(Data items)

::::::::

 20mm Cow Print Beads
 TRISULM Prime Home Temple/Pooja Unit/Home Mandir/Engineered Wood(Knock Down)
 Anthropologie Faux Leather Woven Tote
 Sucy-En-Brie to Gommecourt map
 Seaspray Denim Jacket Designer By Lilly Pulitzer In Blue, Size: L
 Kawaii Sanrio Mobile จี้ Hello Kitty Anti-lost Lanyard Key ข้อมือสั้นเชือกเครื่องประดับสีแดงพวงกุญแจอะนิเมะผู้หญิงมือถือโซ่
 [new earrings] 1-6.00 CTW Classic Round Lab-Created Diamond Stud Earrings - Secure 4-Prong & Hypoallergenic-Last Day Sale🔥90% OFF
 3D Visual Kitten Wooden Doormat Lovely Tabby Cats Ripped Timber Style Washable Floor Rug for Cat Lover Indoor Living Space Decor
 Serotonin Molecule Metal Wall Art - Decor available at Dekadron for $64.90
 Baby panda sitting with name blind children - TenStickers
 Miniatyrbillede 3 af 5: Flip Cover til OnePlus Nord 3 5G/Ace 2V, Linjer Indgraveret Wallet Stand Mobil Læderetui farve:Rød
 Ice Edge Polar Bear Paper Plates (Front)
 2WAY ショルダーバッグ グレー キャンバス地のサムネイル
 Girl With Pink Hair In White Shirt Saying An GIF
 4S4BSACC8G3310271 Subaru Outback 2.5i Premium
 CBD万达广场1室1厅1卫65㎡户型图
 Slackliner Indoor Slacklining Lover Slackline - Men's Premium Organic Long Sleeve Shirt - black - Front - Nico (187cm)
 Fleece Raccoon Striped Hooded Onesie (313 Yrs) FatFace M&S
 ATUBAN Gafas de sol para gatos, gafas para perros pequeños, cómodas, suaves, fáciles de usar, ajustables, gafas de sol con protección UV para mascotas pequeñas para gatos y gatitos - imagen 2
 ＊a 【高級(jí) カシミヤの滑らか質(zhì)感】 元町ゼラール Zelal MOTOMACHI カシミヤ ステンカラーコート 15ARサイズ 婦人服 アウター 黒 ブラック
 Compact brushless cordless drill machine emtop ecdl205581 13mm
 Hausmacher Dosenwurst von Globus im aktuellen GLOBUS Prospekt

::::::::

Directions:
Would you please transcribe the records above in full and exactly?

Completed exercise:
 20mm Cow Print Beads
 TRISULM Prime Home Temple/Pooja Unit/Home Mandir/Engineered Wood(Knock Down)
 Anthropologie Faux Leather Woven Tote
 Sucy-En-Brie to Gommecourt map
 Seaspray Denim Jacket Designer By Lilly Pulitzer In Blue, Size: L
 Kawaii Sanrio Mobile จี้ Hello Kitty Anti-lost Lanyard Key ข้อมือสั้นเชือกเครื่องประดับสีแดงพวงกุญแจอะนิเมะผู้หญิงมือถือโซ่
 [new earrings] 1-6.00 CTW Classic Round Lab-Created Diamond Stud Earrings - Secure 4-Prong & Hypoallergenic-Last Day Sale🔥90% OFF
 3D Visual Kitten Wooden Doormat Lovely Tabby Cats Ripped Timber Style Washable Floor Rug for Cat Lover Indoor Living Space Decor
 Serotonin Molecule Metal Wall Art - Decor available at Dekadron for $64.90
 Baby panda sitting with name blind children - TenStickers
 Miniatyrbillede 3 af 5: Flip Cover til OnePlus Nord 3 5G/Ace 2V, Linjer Indgraveret Wallet Stand Mobil Læderetui farve:Rød
 Ice Edge Polar Bear Paper Plates (Front)
 2WAY ショルダーバッグ グレー キャンバス地のサムネイル
 Girl With Pink Hair In White Shirt Saying An GIF
 4S4BSACC8G3310271 Subaru Outback 2.5i Premium
 CBD万达广场1室1厅1卫65㎡户型图
 Slackliner Indoor Slacklining Lover Slackline - Men's Premium Organic Long Sleeve Shirt - black - Front - Nico (187cm)
 Fleece Raccoon Striped Hooded Onesie (313 Yrs) FatFace M&S
 ATUBAN Gafas de sol para gatos, gafas para perros pequeños, cómodas, suaves, fáciles de usar, ajustables, gafas de sol con protección UV para mascotas pequeñas para gatos y gatitos - imagen 2
 ＊a 【高級(jí) カシミヤの滑らか質(zhì)感】 元町ゼラール Zelal MOTOMACHI カシミヤ ステンカラーコート 15ARサイズ 婦人服 アウター 黒 ブラック
 Compact brushless cordless drill machine emtop ecdl205581 13mm
 Hausmacher Dosenwurst von Globus im aktuellen GLOBUS Prospekt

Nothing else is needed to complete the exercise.